第10話「地獄に、秩序が生まれた」
問題は、三日後に起きた。
正確には、問題が起きなくなったことが、問題だった。
ブランがスケジュールを組んだ。ノワールが執行した。セレスティア、フラム、リプレ、ヒルダが、決められた順番で、決められた時間に、決められた処置をアルトに施した。誰も喧嘩しなかった。誰も割り込まなかった。全員が粛々と、自分の担当を果たした。

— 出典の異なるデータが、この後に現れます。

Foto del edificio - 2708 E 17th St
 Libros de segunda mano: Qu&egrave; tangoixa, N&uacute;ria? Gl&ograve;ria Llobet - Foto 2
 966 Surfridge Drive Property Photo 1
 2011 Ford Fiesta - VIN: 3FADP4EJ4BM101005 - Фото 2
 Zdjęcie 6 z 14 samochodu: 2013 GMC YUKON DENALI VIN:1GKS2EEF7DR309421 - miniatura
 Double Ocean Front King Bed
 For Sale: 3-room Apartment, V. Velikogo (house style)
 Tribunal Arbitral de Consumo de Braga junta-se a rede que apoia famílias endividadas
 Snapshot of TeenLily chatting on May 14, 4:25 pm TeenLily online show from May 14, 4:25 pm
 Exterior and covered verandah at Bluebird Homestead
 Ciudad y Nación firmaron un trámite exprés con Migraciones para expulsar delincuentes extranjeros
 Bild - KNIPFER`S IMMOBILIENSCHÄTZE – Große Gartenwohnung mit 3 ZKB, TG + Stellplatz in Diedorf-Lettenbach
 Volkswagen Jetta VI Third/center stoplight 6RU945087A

その結果、アルトに注がれる過剰バフの総量が、これまでの三倍になった。
「ちょっと待ってください」
朝の第一クールが終わった直後、アルトは口を開いた。椅子に座ったまま、全身が微妙に光っていた。ステータス画面に数値が溢れかえっていた。
「前より量、増えてませんか?」
「増えました」ブランが手帳を見ながら答えた。「以前は皆様が干渉し合って、バフの三割が相殺されていました。今は一切の無駄なくアルト様に届いています」
「無駄だった三割、必要だったんですが……」
「非効率は排除しました!!」
「非効率が最後の防波堤だったんですよ!」
ブランが微笑んだ。目は笑っていなかった。
昼の第二クールが始まった。フラムが薬液を三本、正確に投与した。リプレがアーティファクトを二個、所定の位置に装着した。ノワールがアルトの逃走経路を、音もなく塞いだ。
「逃げようとしてないですよ」
ノワールが無言でアルトを見た。
「……逃げようとしてました、すみません」
夕方の第三クール。ヒルダが鎧の中にアルトを収め、セレスティアが最後の回復魔法をかけた。ステータス画面の数値がまた跳ね上がった。防御力の欄が、四桁になっていた。
「防御力が九千超えてるんですが……」
「それは良好です」
「もはや人間の数値じゃないんですが?」
「問題ありません」
「いやいや問題しかないんですが……」
ゴードンが夕食の席でアルトの隣に座った。アルトのステータス画面を横から覗いて、黙った。しばらく黙った。
「……俺の防御力、十二だぞ」
「それは辛いですね」
「辛い。いまだに薬草一枚もらえんしな」
「もらってくださいよ、普通に……。俺の分分けてあげたいです……」
ゴードンが遠くを見た。フラムの方を見た。フラムは手帳に数値を書き込んでいて、ゴードンの視線に気づいた。目が合った。フラムが手帳を閉じた。
「練習台なら後でいくらでも!!」
「いらん!」
食堂に、束の間の平和が流れた。
アルトはスプーンを置いた。
「ブラン」
「はい?」
「このシステム、誰が考えたんですか?」
「ミラベル様ですよ」
「……やっぱり」
「三ヶ月前から設計されていたそうです」
「三ヶ月前って、僕が勇者になる前じゃないですか!?」
「ええ、その通りですわ」
「……」
「何かほかにご質問は?」
「……。もう何も聞きたくないです、教えてもらえないんでしょ?」
「はい、守秘義務がありますので」
ブランが手帳に何かを書き込んだ。静かに、丁寧に。
◇◆◇◆◇
「ふふふ、三ヶ月前の設計通りです」
ミラベルが手帳を閉じた。表紙に書かれた日付は、アルトが勇者に認定される、四ヶ月前だった。